What Obama did by whim really can’t be the apocalypse when Trump later undoes half the whim. Right?


BEN SCHNEIDER: Obama’s designation here was far from a whim. Local republican lawmakers had tried for years to pass a federal bill protecting part of Bears Ears and also opening up large parts of it to mining development, oil & gas extraction, etc. it also would have permanently banned future antiquities act designations in a handful of Utah counties permanently. Those Utah lawmakers, Chaffetz and Bishop, failed to move that bill past committee. No democrats supported it but, but not all republicans supported it either. Chaffetz and Bishop couldn’t get it together, and alienated a coalition of 5 tribal nations with cultural claims to the area (who eventually walked away when they felt compromise was impossible). Their bill died. Meanwhile, because of the attention these lawmakers brought to the area, looting skyrocketed. There were 6 incidents of confirmed looting of Bears Ears native burial grounds in 2016 alone. At least 24 occurred in the five years previous. Can you imagine how many more actually occurred? Meanwhile the BLM did not increase law enforcement activity in the Bears Ears area.
So in summary the Utah lawmakers whose failed bill drew attention to the cultural richness of the area actually ended up in all likelihood increasing incidents of cultural looting AND the existing federal agency charged with protecting the area failed to respond. So what did Obama do, he used the Antiquities Act for exactly what it was meant for- to protect cultural resources from destruction. Local lawmakers were given a chance and they only made things worse.
Furthermore, I don’t know what you mean about the locals not supporting the designation. The five tribes with documented cultural claims to the area have long supported increased protections, and have a long record of lobbying and advocating for said protections. Frankly, given the generations of genocide (I use that word intentionally) the American government perpetrated against indigenous peoples, Obama’s rational designation of Bears Ears Natl. Monument is a drop in the proverbial bucket when it comes to making amends for the atrocities our forefathers committed against native peoples. And yeah, I give them a little more weight than some white locals who want to use the area for ATV fun or than I give to corporations who want to make a quick buck while they temporarily boost the local economy in a paltry way.
SHAWN: One question on the merits, the federal land managers you mention are, of course, part of the Department of the Interior. If this was about protecting antiquities, wouldn’t the reasonable course have been for Obama to order Secretary Salazar or Jewell to order the agency to do its job?
BEN: That’s a valid question Shawn. I’ve no idea what the answer to that is. But listen, I understand the argument I’m reading here about Federal overreach etc. I think there is probably some validity to that complaint. I guess at the end of the day I’m just not swayed by it, primarily because of the desire of Native Americans with cultural claims to Bears Ears to preserve the area. Historically, this country committed cultural genocide against the native inhabitants as we sought to expand and settle. We exterminated their cultures and peoples. American has never atoned for this, and we have never offered any significant reparations. Today most Native American populations are impoverished and struggling, which I think is directly attributable to the damage and havoc we created in their populations historically and never sought to repair. America has already benefited in significant, immeasurable and incalculable ways from the expansion of our geography that involved the theft of Native American lands and the exile of the native populations. Do we really need to continue to squeeze that lemon? Isn’t it time to start respecting the few indigenous voices left in this country? America has a tremendous debt here, and preserving and protecting Bears Ears in the ways the native populations desire is I think a small way to begin repaying that debt.
SHAWN: You make a moving argument, Ben. But I don’t know if addressing wrongs to Indians is a legal purpose of the Antiquities Act. Nor should the scope of atonement be committed to the president’s sole discretion.
BEN: Fair point about the purposes of the Antiquities Act.
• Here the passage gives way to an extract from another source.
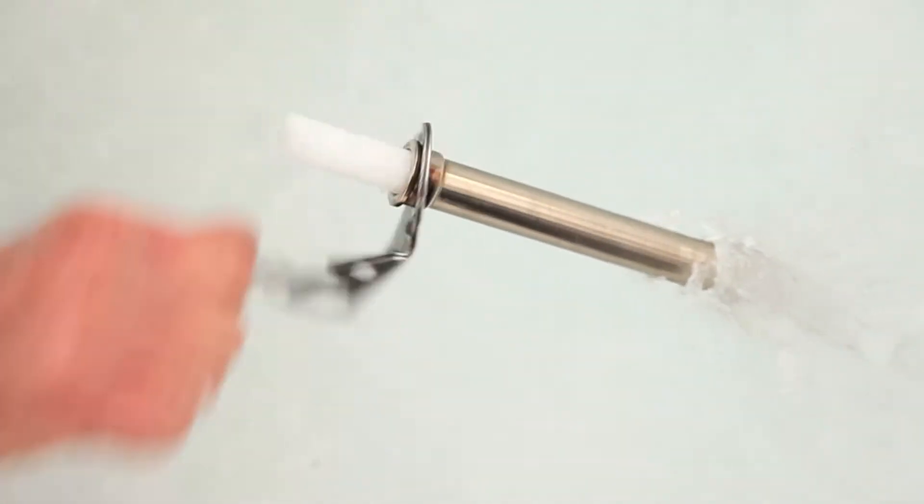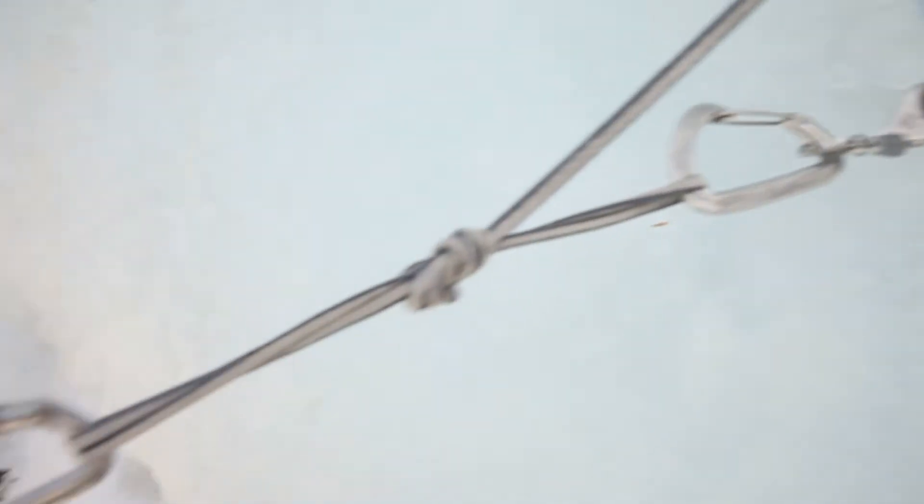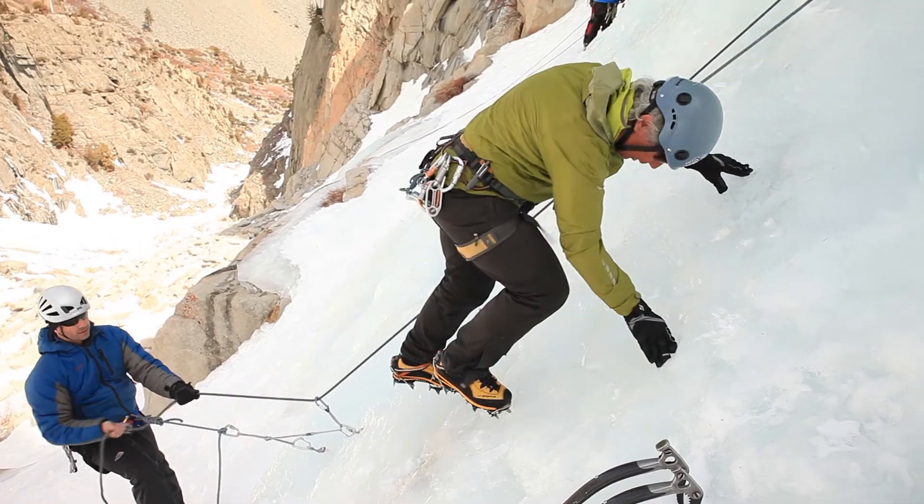Oftentimes for snow belays, two pieces may be adequate. But for belays from ice screws, where there may be solar melt-out, I use three to four screws — especially if people will be using the anchors for top-roping, which tends to put the greatest force on the anchor due to cyclical loading.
A Few Thoughts on the Supreme Court Permitting Trump’s Travel Embargo to Go Forward.


There is something irksome about vehement Democrat resistance to stronger vetting of travel from a handful of select nations with terrorist networks and inadequate government functions to trust local records…
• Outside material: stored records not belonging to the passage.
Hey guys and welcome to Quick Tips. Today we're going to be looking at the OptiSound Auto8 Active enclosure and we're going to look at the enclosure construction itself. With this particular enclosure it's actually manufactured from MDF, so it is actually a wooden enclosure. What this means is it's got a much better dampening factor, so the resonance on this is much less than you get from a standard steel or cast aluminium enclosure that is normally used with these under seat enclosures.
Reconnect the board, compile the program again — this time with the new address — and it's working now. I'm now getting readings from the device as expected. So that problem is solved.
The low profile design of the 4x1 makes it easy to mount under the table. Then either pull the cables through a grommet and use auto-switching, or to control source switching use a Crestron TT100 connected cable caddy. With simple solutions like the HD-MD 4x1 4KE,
A. There are popularly circulating videos of Bill Clinton, Barack Obama, and most recently Diane Feinstein warning of the plague and cost of illegal immigration. Like within the last decade or so. Suddenly, though, Big Democrat Brother decided Oceana has never been at war with illegal immigration, and it is a racist thing to oppose.

B. There is an ideology with a declared hatred for Westerners and all infidels, and a current track record of shedding much blood to prove their sincerity. It doesn’t matter what percent of the population the nations feels this way. What matters is that in the aggregate there are thousands, and more importantly, that certain subcultures–whether they come radicalized or not–tend to self segregate and become radicalized.
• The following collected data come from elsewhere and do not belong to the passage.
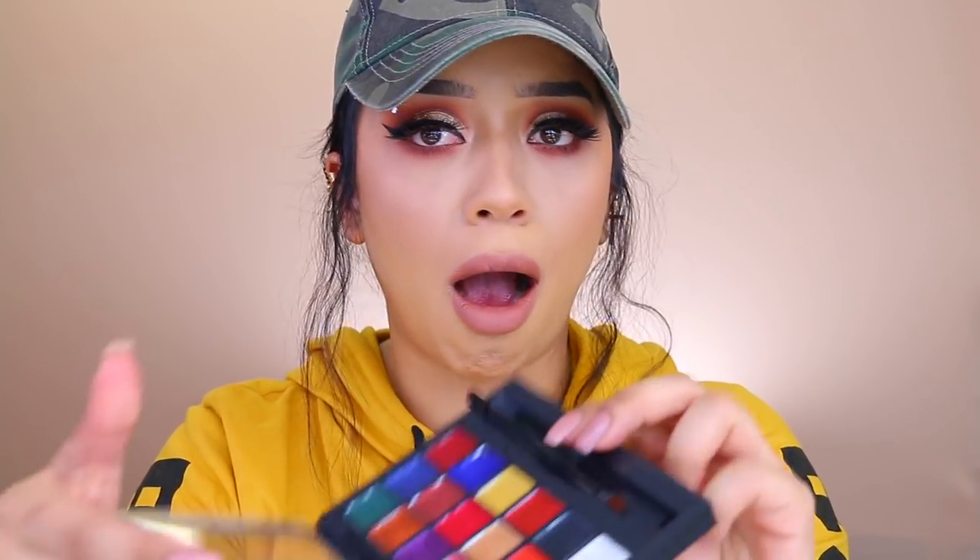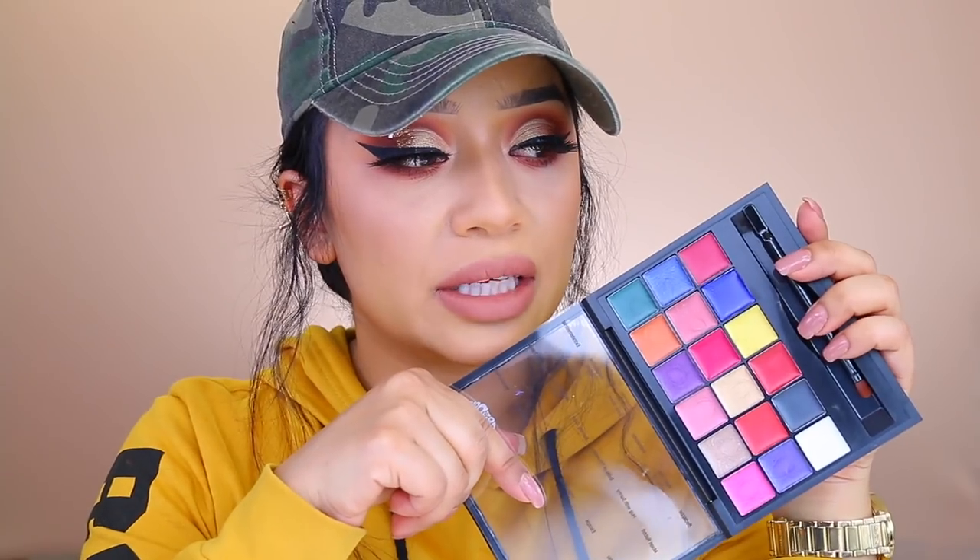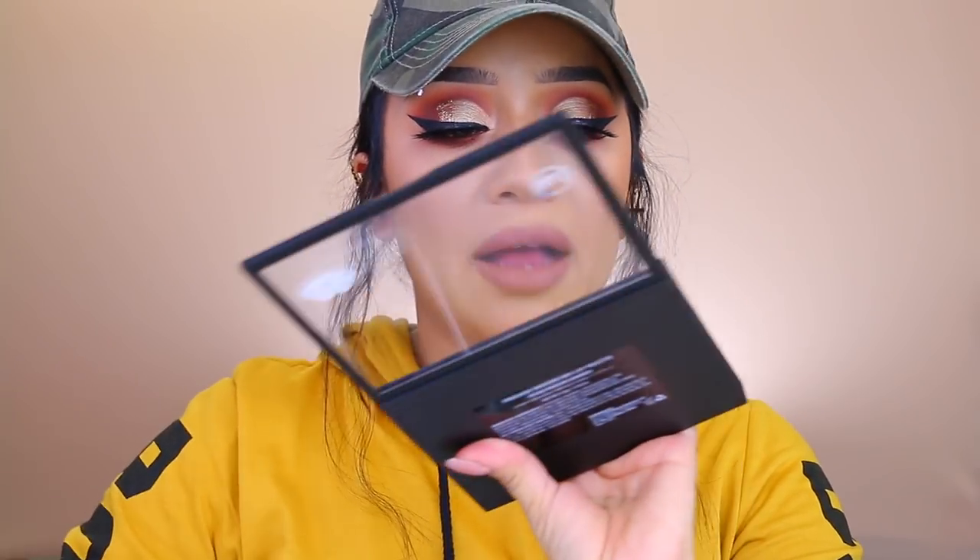Hello guys, welcome back to my channel — it really feels like it's been years but it's only been roughly 10 days since I filmed. I recently got a package from JCat; they always hook it up with their products. They came out with some new lip palettes and when I saw these in the mail I was like, what? JCat has been stepping up their game.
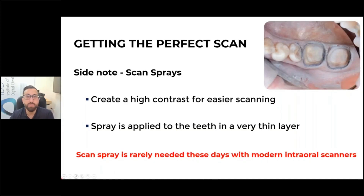Getting the perfect scan — I want to take a sidestep and talk about scan sprays. Scan sprays won't be very familiar for a lot of people, especially if they're new to scanning, because they're not really a market norm anymore. Six or seven years ago, scan sprays were basically almost mandatory, and in some of the first, second, or third generation scanners eight or nine years ago, they were mandatory. A scan spray comes in a can — many different companies sell it — and you spray it to create a contrast medium on the area. I haven't needed to use a scan spray in about six or seven years. It's just not something that's common or needed with modern scanners, as long as you dry the area well. But some clinicians like to use it for very deep preparations, and some also like to use it for shiny restorations.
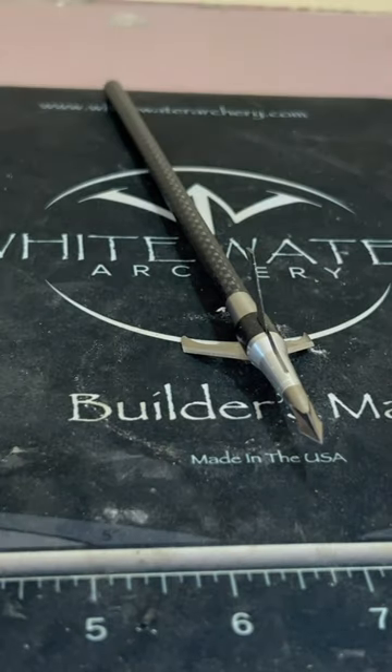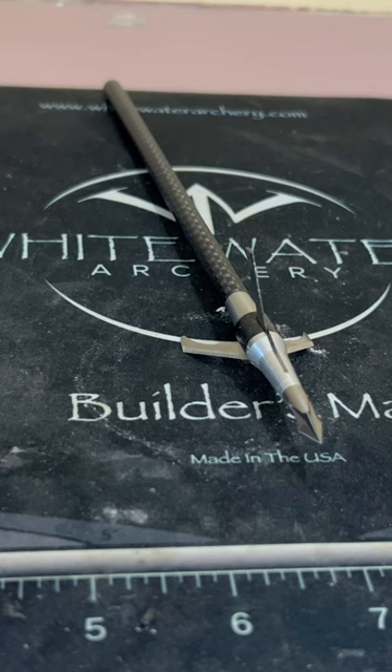Looks pretty good to me, guys. I'm more of a fixed blade fan nowadays, but I have nothing against mechanicals if they're used properly — especially these smaller cut diameters such as the inch and three-eighths and inch and a quarter cuts.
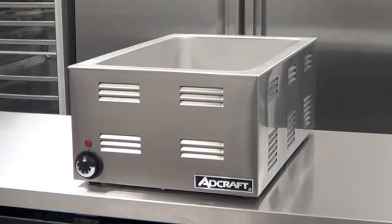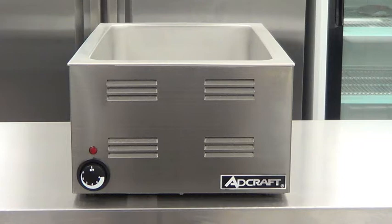Adcraft's FW1200W full-size food warmer is great for keeping eggs, bacon, sauces, hot dogs, and many other items hot for hours. 1200W of power brings the food temperature up to the HACCP safe zone of 140 degrees in a short period of time.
C. The nations that are the target the selective travel embargo were not identified by Trump. They were identified by the Obama administration as having terrorist networks and inadequate government information judge non-violence. Moreover they comprise a tiny portion of 60 Arab or Muslim nations, giving the lie to the claim that the Order targets an entire religion. It targets failed and near-failed states with extremist networks.

D. Coming to the US is a globally prized privilege, not a basic civil right. Opponents of stricter vetting invoke abuses like the Japanese internment, when US citizens were stripped of rights and property and herded into encampments. I’m sorry, but anyone who thinks not inviting entrance to foreigners from declared hostile regions is similar to raiding and warehousing US citizens behind barbed wire is arguing from a brain made of warm pudding.


Can a River Identify as a Person?

This should be a stupid question, but, can a river identify as a person? Can it assert its personal rights in a court of law? What might those rights be? Freedom of speech? Freedom from unreasonable search and seizure or maybe from cruel and unusual punishment?
These and other questions come to mind in light of the spectacle transpiring in U.S. District Court in Denver as green loonies press their case to have the Colorado River declared a person with enforceable rights. It’s necessary to protect the essence of nature, they argue. People have rights. Corporations have rights. Natural resources need rights too, to balance the consumptive rights of people and to protect the earth.
Here’s the problem with that exotic thinking: Trees, mountains, rivers, and other gem components of nature don’t have minds to reason or mouths to speak. Any purported recognition of rights in nature necessarily creates a power struggle over which humans will define and advocate those “rights.” That reality highlights another reality: Nature is not comprised of moral actors with assertable feelings. It is a vast and diverse non-sentient resource of which humans are inhabitants and stewards.
Different societies in history have had varying understandings of utilization, consumption, preservation, and conservation. Varying systems of custom and law developed to embody the societies’ values and conclusions.
Here in the United States, for example, there is a complex web of different entities, groups, and authorities with an interest in human activity along major rivers such as the Colorado. There are property owners, cities, counties, and states. Land managers. Environmental regulators.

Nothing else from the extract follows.